Bei 641 Patienten der Rheuma-Ambulanz (76,4 % weiblich, durchschnittliches Alter 57,9 Jahre, n=376 RA, n=129 PsA, n=88 SpA, n=48 sonstige Diagnosen) wurde im Winterhalbjahr zwischen Oktober 2011 und Februar 2012 der Cholecalciferol-Serumspiegel bestimmt (25-OH-Vitamin-D-ELISA). Für die Bewertung wurden folgende Kriterien zugrundegelegt: schwerer Mangel <25 nmol/l, mittelschwerer Mangel 25-50 nmol/l, insuffizient 50-75 nmol/l, optimale Versorgung >75 nmol/l. Im Ergebnis fand sich nur bei 33,4 % der Patienten eine optimale Versorgung. Bei der Mehrzahl der untersuchten Patienten fanden sich insuffiziente Vitamin D3-Spiegel, bei 7,8 % zeigte sich sogar ein schwerer Mangel. Der Anteil an Patienten mit Supplementation war mit 69,6 % hoch, aber selbst in dieser Gruppe bestand trotz einer durchschnittlichen Vitamin D3-Dosis von 1.720 IU/Tag nur bei 38,8 % eine optimale Versorgung. Unklar bleibt, ob dies auf mangelnde Adhärenz oder unzureichende Dosisempfehlungen für Patienten mit entzündlich-rheumatischen Erkrankungen zurückzuführen ist. Aufgrund der zunehmend ins Blickfeld rückenden extraossären, immunologischen Effekte von Vitamin D3 sollte dem Vitamin D-Status in rheumatologischen Patientenkollektiven besondere Aufmerksamkeit gewidmet werden, fordern die Autoren. Dies gilt umso mehr, nachdem im selben Kollektiv auch ein zumindest partieller Zusammenhang zwischen dem Vitamin D3-Serumspiegel und der Krankheitsaktivität bei Patienten mit entzündlichrheumatischen Erkrankungen beobachtet wurde.

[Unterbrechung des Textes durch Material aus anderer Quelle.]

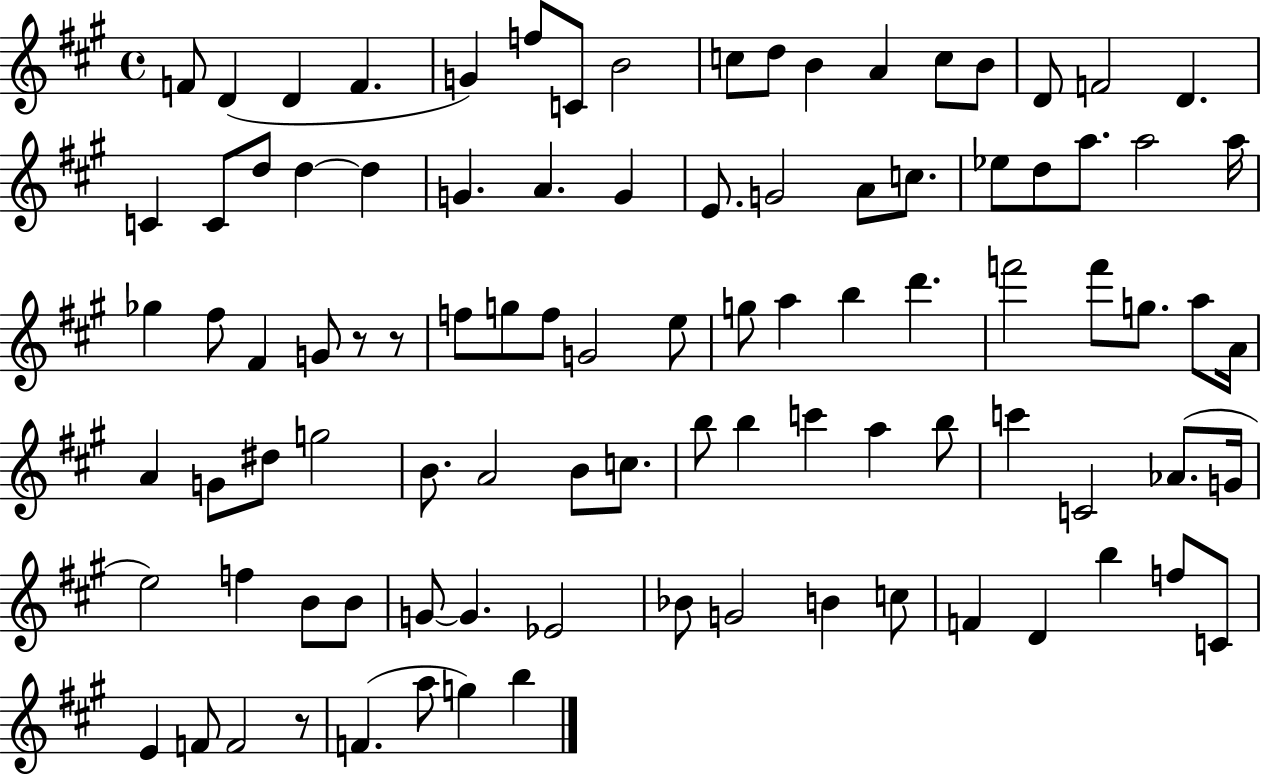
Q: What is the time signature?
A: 4/4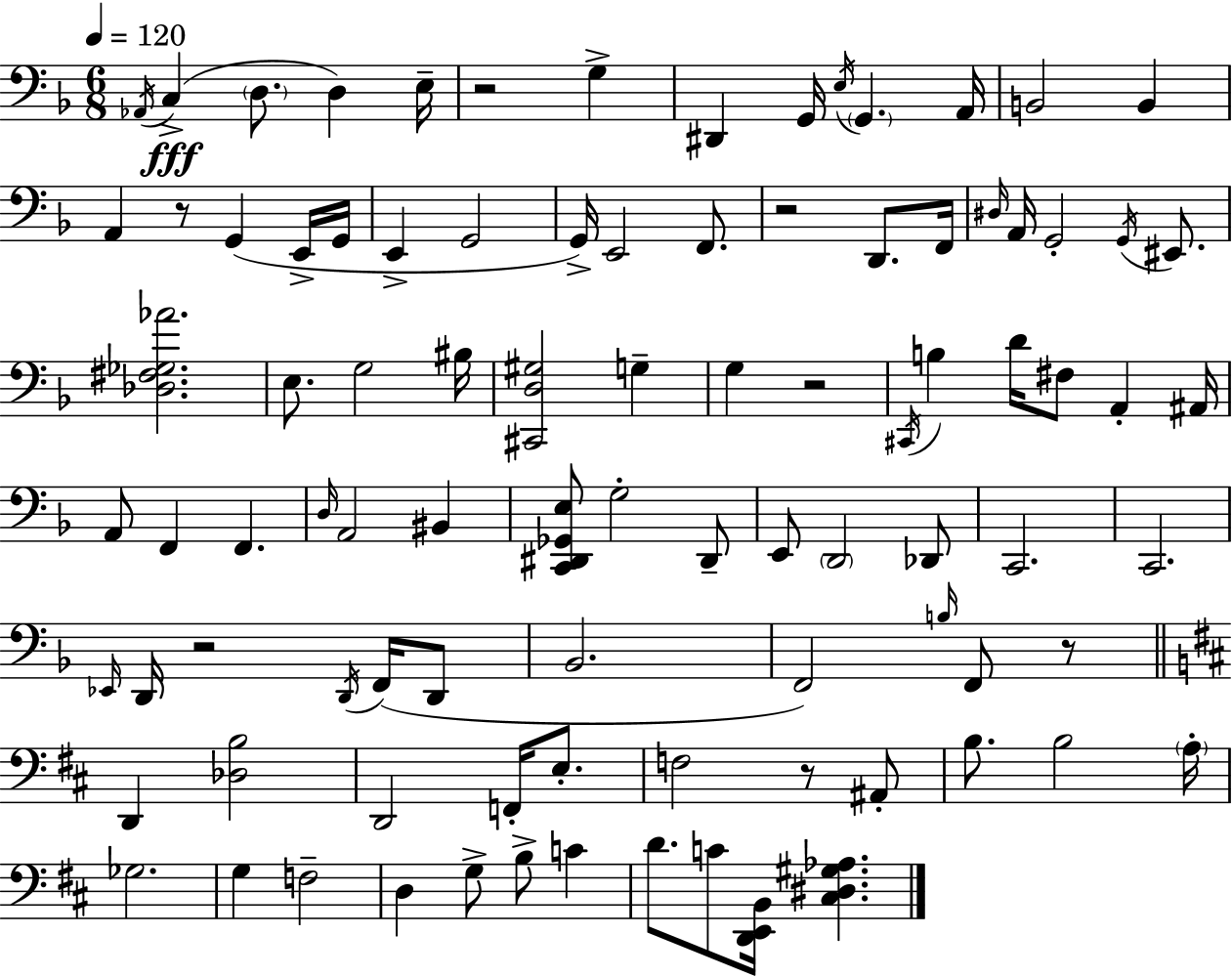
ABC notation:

Wie Bischoff-Ferrari anmerkte, hatten bereits vorherige Studien auf eine inverse Assoziation zwischen Vitamin D3-Serumspiegel und Krankheitsaktivität bei SLE und RA hingedeutet. Im Rahmen der Düsseldorfer Studie wurde bei den 641 Patienten mit RA, PsA, SpA oder anderen rheumatischen Diagnosen der Cholecalciferol-Serumspiegel mit der BSG und dem Serum-CRP-Wert korreliert. Bei den RA- und PsA-Patienten erfolgte zusätzlich eine Korrelation mit dem am Tag der Blutentnahme erhobenen DAS28-Score. Über alle Patienten und Diagnosen hinweg betrachtet zeigte sich kein Zusammenhang zwischen den Cholecalciferol-Serumspiegeln und der systemischen Entzündungsaktivität (BSG, r=-0,054, CRP, r=-0,064). Dagegen wurde bei RA-Patienten mit schwerem Vitamin D3-Mangel (<25 nmol/l) ein signifikant höherer DAS28 beobachtet als bei Patienten mit optimalen Serumspiegeln (3,78 vs. 2,63, p<0,05). Im Gegensatz hierzu war eine solche Assoziation bei PsAPatienten nicht nachweisbar. m
Die aktuelle Studie erhärtet den Verdacht, dass Vitamin D3 einen Einfluss auf die Krankheitsaktivität bei Patienten mit RA hat. Ob sich durch eine Supplementation mit Vitamin D3 bei RA eine therapeutische Wirkung erzielen lässt, kann in einer Beobachtungsstudie nicht geklärt werden. Die Daten deuten aber nach Bischoff-Ferrari darauf hin, dass bei RA-Patienten eine ausreichende Vitamin D3-Supplementation nicht nur unter osteologischen Gesichtspunkten, sondern wohl auch aus immunologischen Aspekten heraus bedeutsam ist.
Quellen: DGRh-Kongress 2012, Abstr./Poster EV.07, RA.33
Kompakt
Laut der Schweizer Expertin liegt auch bei Patienten mit entzündlich-rheumatischen Erkrankungen häufig ein Vitamin D3-Mangel vor, der gemäß einer auf dem DGRh-Kongress von der Düsseldorfer Arbeitsgruppe um PD Dr. Hans-Eckhard Langer vorgestellten monozentrischen Querschnittstudie in einem ambulanten Kollektiv zumindest bei RA eine Korrelation mit der Krankheitsaktivität aufweist.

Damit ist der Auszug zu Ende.